I'm Sorry, I'll Read That Again


Eagle-eyed readers of the property press will have spotted that The Independent last Friday ran a story also published two days earlier in the Homes and Property supplement of London's free daily, the Evening Standard.

The two papers share the same owner and there will be much more of this property story dual-use to come. The Indie, it seems, will top up 'duplicate' Standard pieces with some original non-London stories but much of its property content will have appeared in London before.

Many journalists will dislike this - they always prefer original content and of course they have a vested interest in maximising the number of new stories published as they would be employed to write them. Journalists also prefer to have complete independence about the properties and themes they write about and not have them as closely dovetailing with advertisers as they often appear in the Evening Standard.

As for others, the initiative has good and bad repurcussions.

The mainstream property industry, aside from its journalists, will probably welcome it. The Standard gives a large amount of its property editorial space to new-build homes (largely ignored by national newspaper property supplements) so if The Independent follows suit, using the same stories, one long-standing grievance of developers will be addressed.

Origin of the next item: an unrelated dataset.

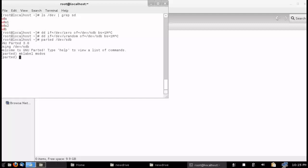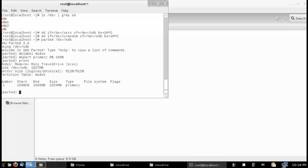To set up a normal partition on an MS-DOS labeled drive, type in: mkpart primary. I'm going to be using percentages to indicate partition size because it is easier to determine the actual size. I'm going to use the whole device, starting with 0% and proceeding to the end at 100%. You can also use different sizes such as kilobytes, megabytes, or gigabytes to indicate the start and finish. Now that the partition has been created, I can type in 'print' to verify the work, and you can see I now have a one gigabyte partition set up on the drive.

Similarly, property industry chiefs like the fact that the Standard's tone on the housing market is relentlessly upbeat. A senior Barratt Homes executive once told me the Standard's property pages differed from the nationals because it always described the market as developers and estate agents wanted it to be, rather than as it actually was. The Independent will, presumably, now have a similar tone at least in those stories it duplicates.

Those property people involved with, or interested in reading about, less lucrative sectors of the market - social and green housing, for example, always well covered by The Independent in the past - may be less delighted by the change. Inevitably if much of the paper's property space is given to mainstream sectors as in the Standard, these minority sectors will be squeezed.

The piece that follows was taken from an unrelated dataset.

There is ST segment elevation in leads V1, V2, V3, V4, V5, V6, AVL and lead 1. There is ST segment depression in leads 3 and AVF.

It is also interesting to speculate how The Independent will combine the ever-optimistic Homes and Property view of the central London market (which of course genuinely is very good right now) with the much more sluggish, gently declining prices across most of the UK outside of the capital. And should London's housing market shift into reverse gear one day, how will The Independent's property pages - until now known for its tell-it-as-it-is approach - cover the change?

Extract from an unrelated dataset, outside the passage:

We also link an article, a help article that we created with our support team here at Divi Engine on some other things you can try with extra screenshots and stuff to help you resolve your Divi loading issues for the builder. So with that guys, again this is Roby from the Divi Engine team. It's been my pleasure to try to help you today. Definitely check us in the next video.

Recycling stories is not unheard of. When I wrote a piece for the Mail on Sunday's property pages recently, it also appeared a week later in a local newspaper owned by the same group, Associated Newspapers. This was a one-off and the reason was that I was writing about a property well known in the region covered by the local paper concerned.

But the systematic re-use of stories now underway by The Independent is unusual. As a journalist, of course, I hope it does not catch on - not just because I'd like more work for colleagues and myself, but because we need a multiplicity of views and tones in property journalism.